Text-to-Speech (TTS) synthesis is achieved using current voice cloning methods for a new voice. They do not, however, manipulate the expressiveness of synthesized sounds. The task of learning to synthesize the speech of an unseen speaker with the least amount of training is known as voice cloning.
UC San Diego researchers propose a Controllable voice cloning method that offers fine-grained control over many style features of synthetic speech for an unseen speaker. The voice synthesis model is explicitly conditioned on a speaker encoding, pitch contour, and latent style tokens during training.
Personal assistants for smartphones, houses, and cars can benefit from the newly established Voice Cloning technologies. Apart from that, it could aid in the improvement of voice-overs in animated films and automatic speech translation in several languages. This technology could also construct individualized speech interfaces for people who have lost their capacity to speak.
The expressive voice cloning paradigm is a multi-speaker TTS approach based on speaker encodings and speech style features. Learning a dictionary of latent style vectors known as Global Style Tokens (GST) is a prominent method of style conditioning in expressive TTS models. GSTs can learn significant latent codes when trained on a dataset with a lot of diversity in expressions. Still, when trained on a large multi-speaker dataset with predominantly neutral prosody, it only gives minimal style control.
Three main components of the framework are:
- Speaker Encoder
- Mel Spectrogram Synthesizer
In multi-speaker TTS models, speaker conditioning is often accomplished through a lookup in the speaker embedding matrix, randomly initialized and trained end-to-end with the synthesizer.
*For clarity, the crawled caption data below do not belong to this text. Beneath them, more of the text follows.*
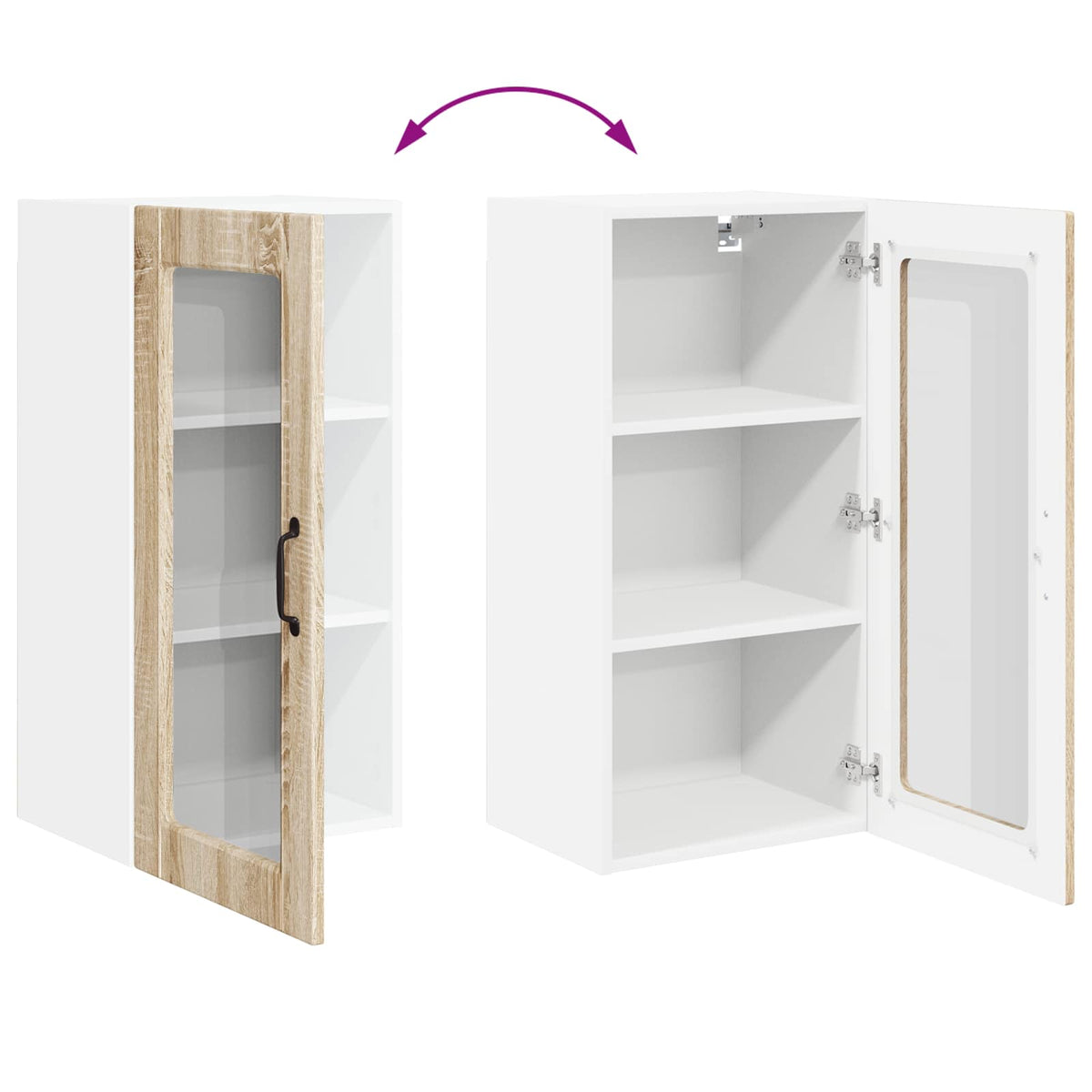 vidaXL Wall Glass Cabinet LUCCA 2 pcs Sonoma Oak Engineered Wood
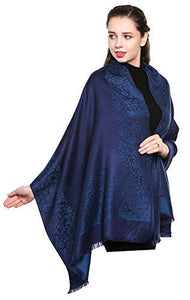 Scarf Shack Women's Two Sided Floral Print Pashmina Style Self Embossed Cashmere Feel Scarf Wrap Stole Shawl Head Scarves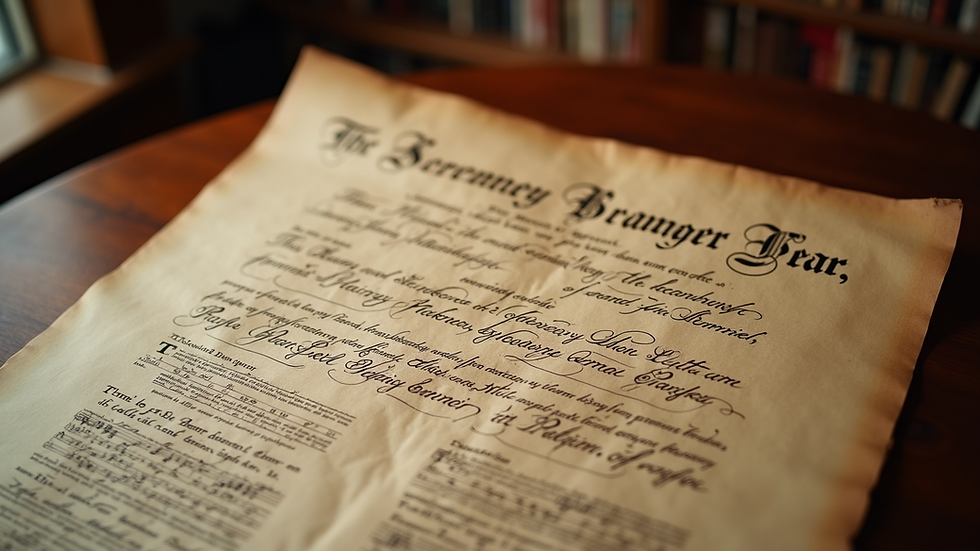 High angle view of a historic document declaring 'The Star-Spangled Banner' as the national anthem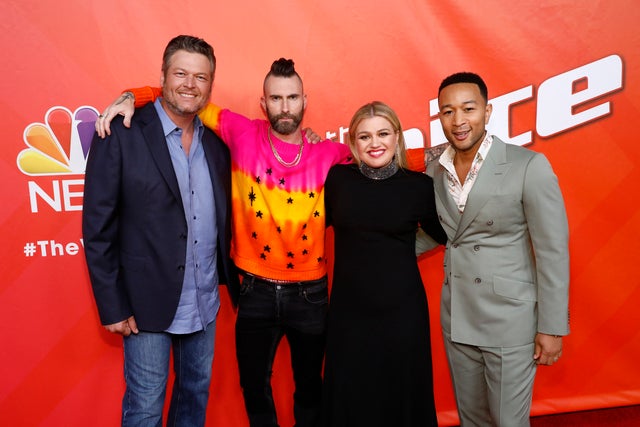 Blake Shelton, Adam Levine, Kelly Clarkson and John Legend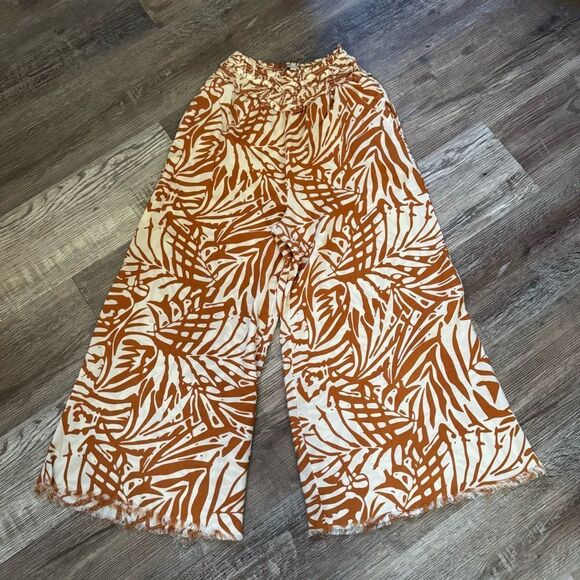 Patrons Of Peace Mustard & White Tropical Print Wide Leg Cropped Pants Sz Small - Picture 1 of 13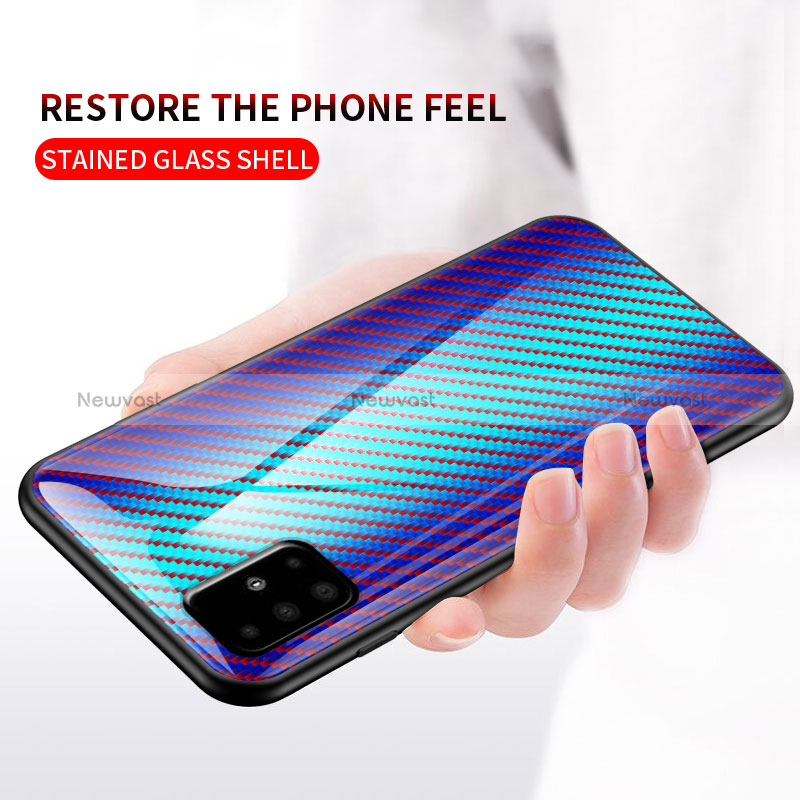 Silicone Frame Mirror Rainbow Gradient Case Cover LS2 for Samsung Galaxy M40S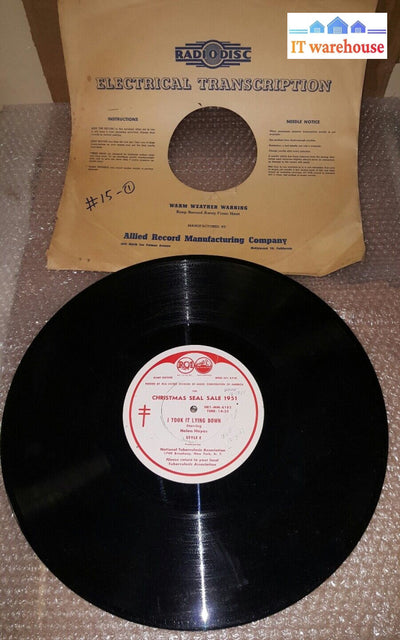 Vinyl Record - I Took It Lying Down- Helen Hayes Christmas Sale 1951 @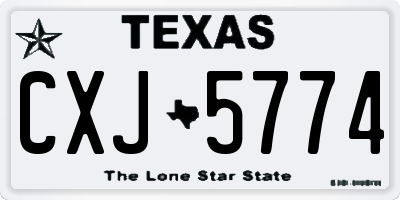 TX license plate CXJ5774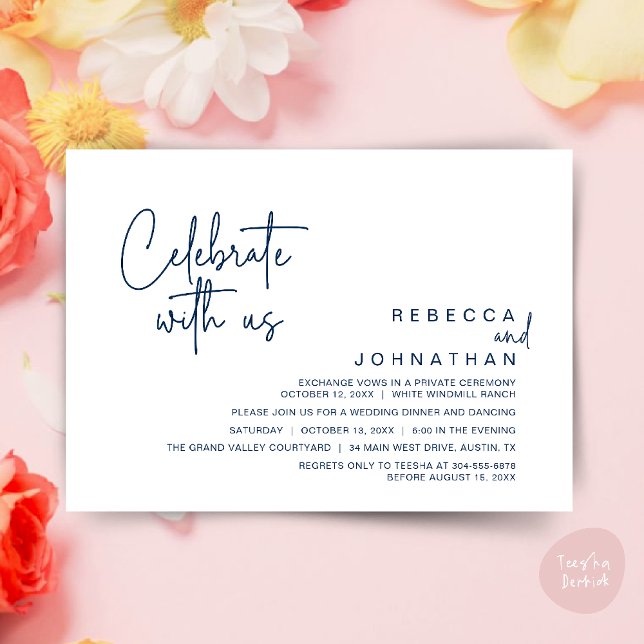 Celebrate with us, Modern Boho Wedding Reception  Invitation (Celebrate with us, Modern Boho Wedding Reception Invitation Card PDF Navy Blue)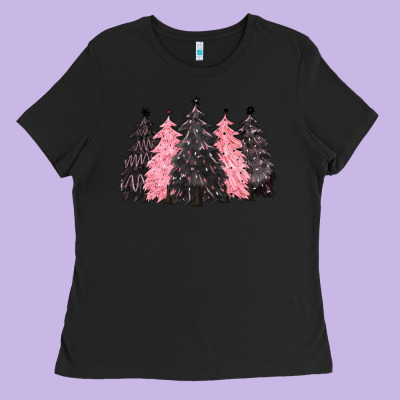 Pink Christmas Trees Ladies Tee Designed By Cowgirlartshop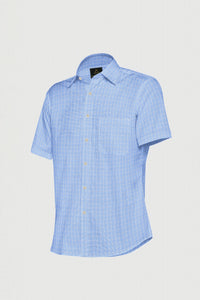 White and Placid Blue Checks Cotton Shirt
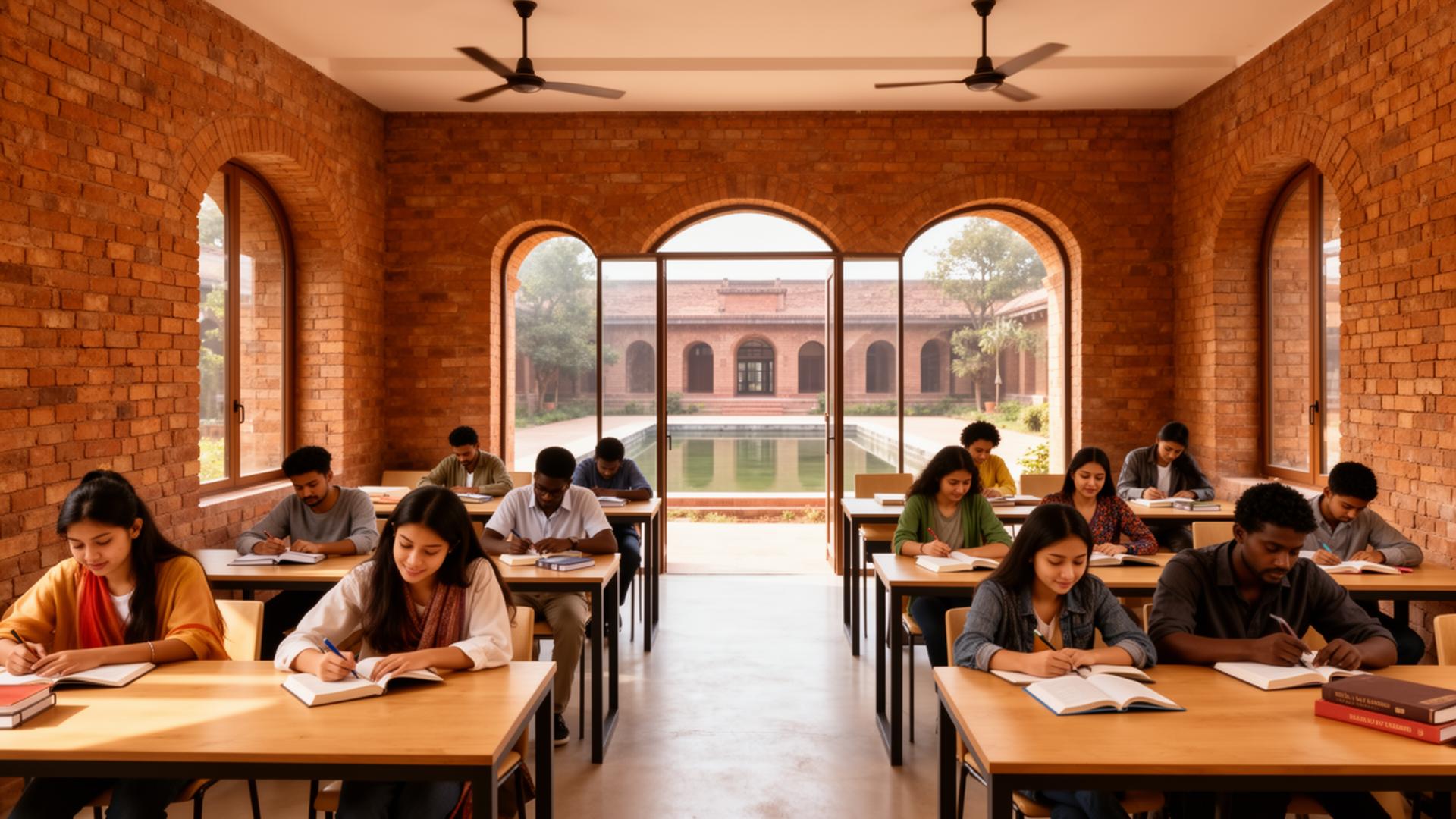 Students from multiple countries studying in a brick-vaulted classroom at the new Nalanda University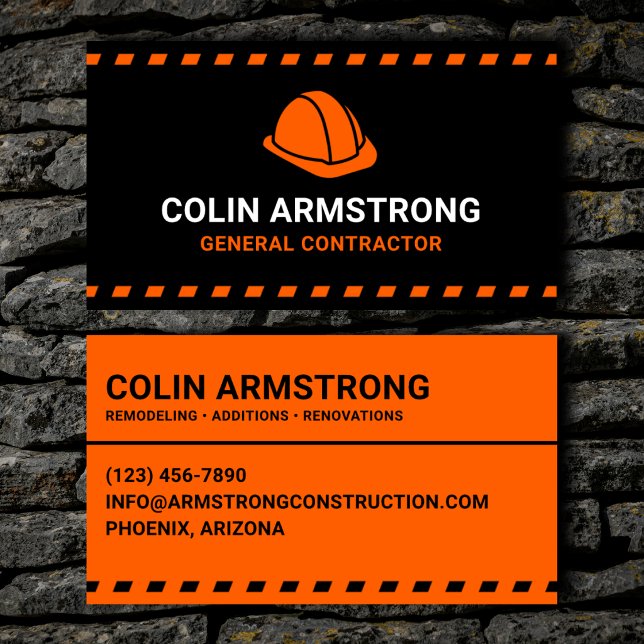 General Contractor Orange Hard Hat Business Card (Creator Uploaded)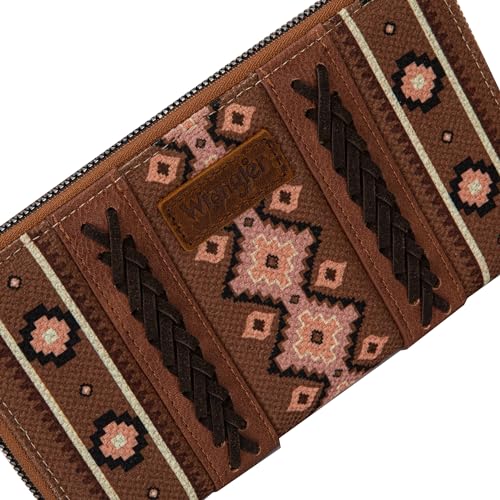 Wrangler Wallet Purse for Women Western Aztec Clutch Wristlet Wallet with Credit Card Holder, Dark Brown, Wallet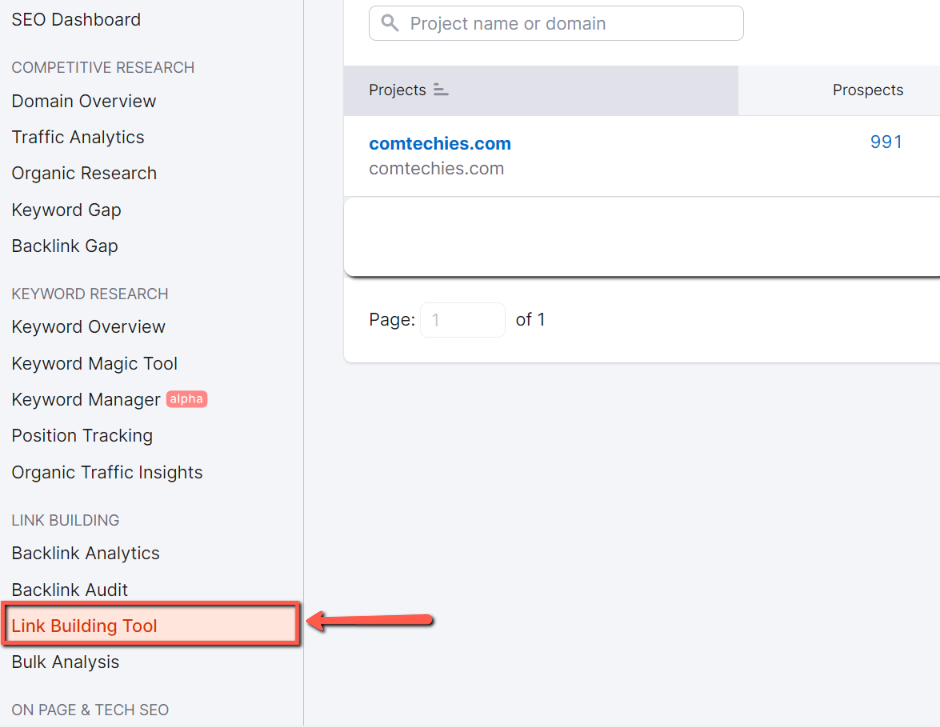 First, go to Link Building Tool, and set up a project.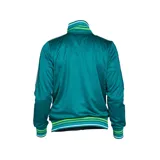 Campera deportiva Umbro color verde azulado con cuello alto, cierre frontal con cremallera, puños y cintura acanalados a rayas verdes, blancas y azules. Logo de Umbro bordado en el pecho.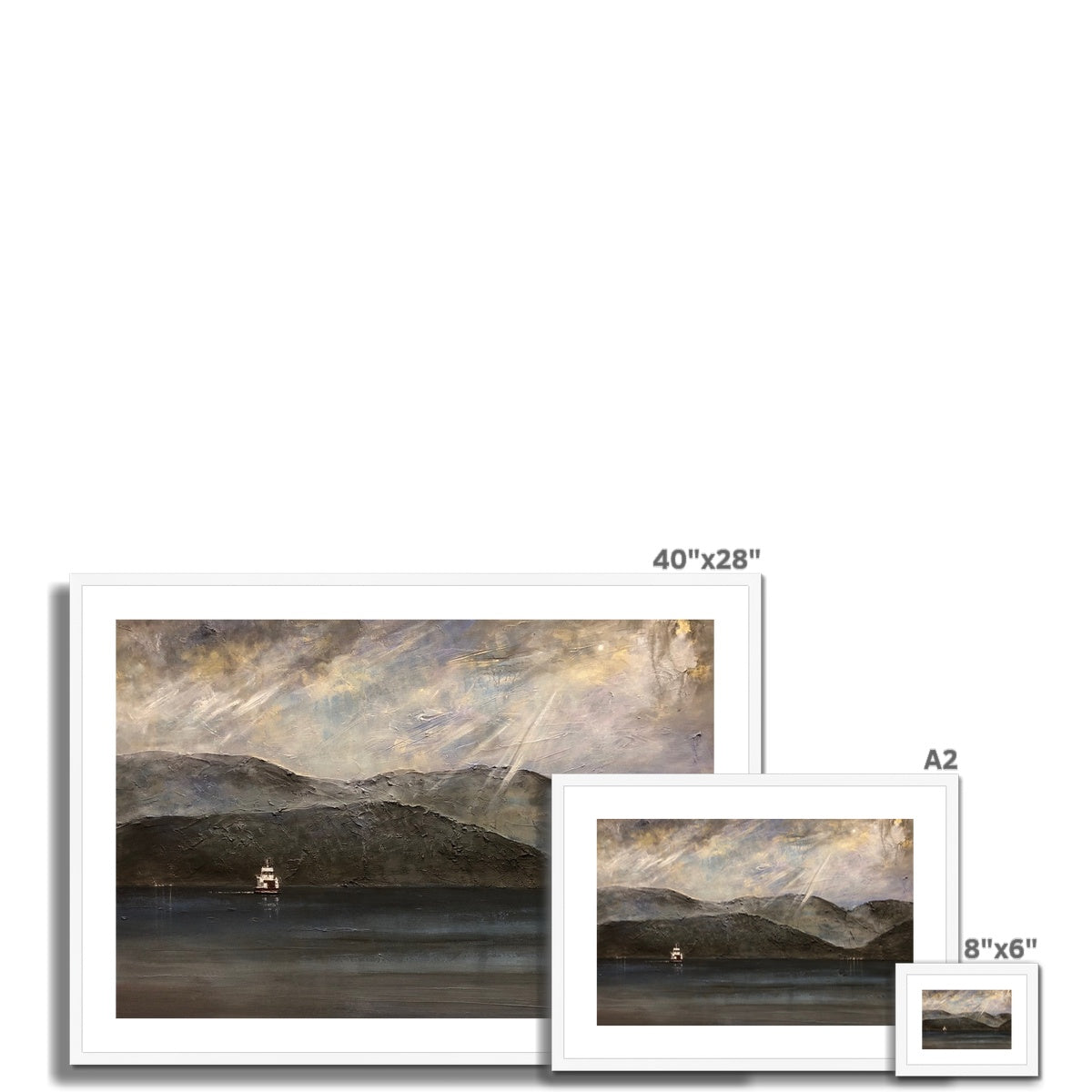 Lochranza Moonlit Ferry Framed & Mounted Print.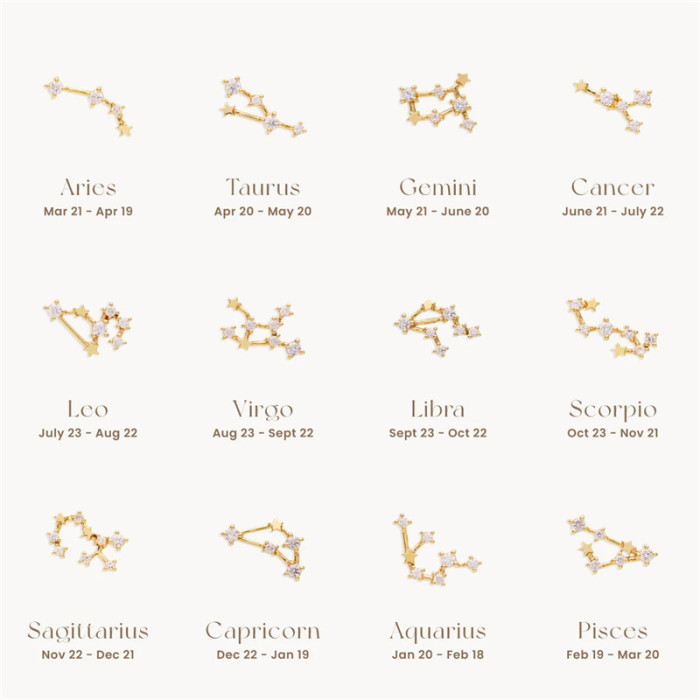 S925 Sterling Silver Irregular Zodiac Sign Stone-Studded Pentagram Earrings Bestselling Creative Style Earrings for...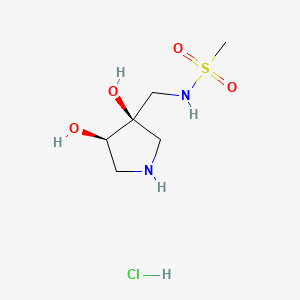 molecular formula C6H15ClN2O4S B12312302 rac-N-(((3R,4R)-3,4-dihydroxypyrrolidin-3-yl)methyl)methanesulfonamide hydrochloride 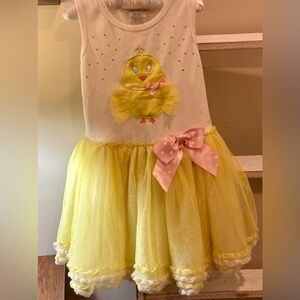 Baby Girl Easter Chick Tutu Dress Yellow Pink Bow Spring Holiday 12-18M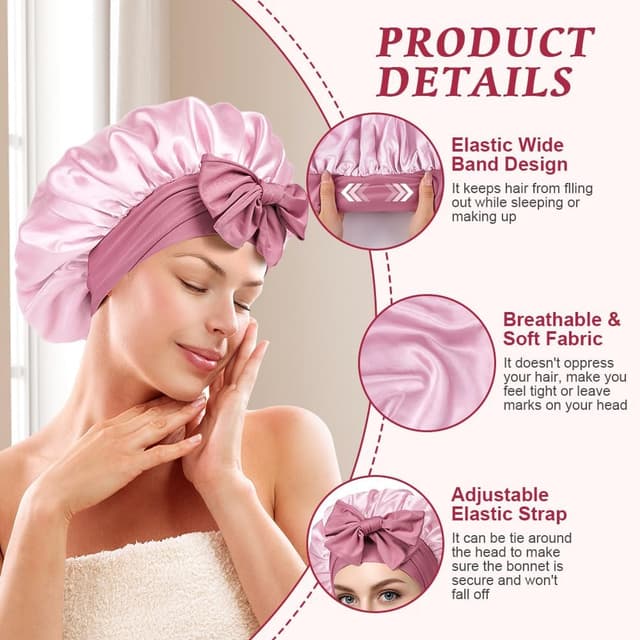 Detalle de ACWOO Satin Bonnet 1pc night cap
The speaker embedding layer can be replaced by a speaker encoder that obtains speaker-specific information from the target waveform to tailor the multi-speaker TTS model for voice cloning. The speaker encoder can get embeddings for speakers not observed during training using a few reference speech samples.
MEL SPECTROGRAM SYNTHESIZER:
By basing the TTS synthesis model on speaker encoding and numerous style features. The researchers adopt the Mellotron synthesis paradigm to the problem of voice cloning for this purpose. Mellotron is a multi-speaker TTS model that adds extra pitch contour and speaker embedding conditioning to the Tacotron 2 GST model. The speaker embedding layer is replaced with a speaker encoded network to adapt Mellotron for voice cloning.
The synthesis model is based on Tacotron 2, an LSTM-based sequence-to-sequence model that includes an encoder that operates on a series of letters and a decoder that outputs individual frames.
The research team employed the WaveGlow model trained on the single speaker Sally dataset to decode the generated mel-spectrograms into listenable waveforms. WaveGlow has the advantage of allowing real-time inference while being competitive in terms of audio naturalness. Across all tests and datasets, the same vocoder model is employed. The vocoder model trained on a single speaker is found to generalize well across all speakers in our datasets.
While such a system can achieve promising results in cloned speech keeping speaker-specific qualities, it lacks control over other components of speech that are not encoded in the text or the speaker-specific embedding. Variation in tone, speech rate, intensity, and emotions are a few factors.
The researchers claim that the suggested framework can be used for numerous expressive voice cloning tasks utilizing only a few transcribed or untranscribed speech samples for a new speaker, based on quantitative and qualitative evaluations. The approach, on the other hand, still needs to be improved. It favors English speakers and has trouble understanding speakers with a heavy accent.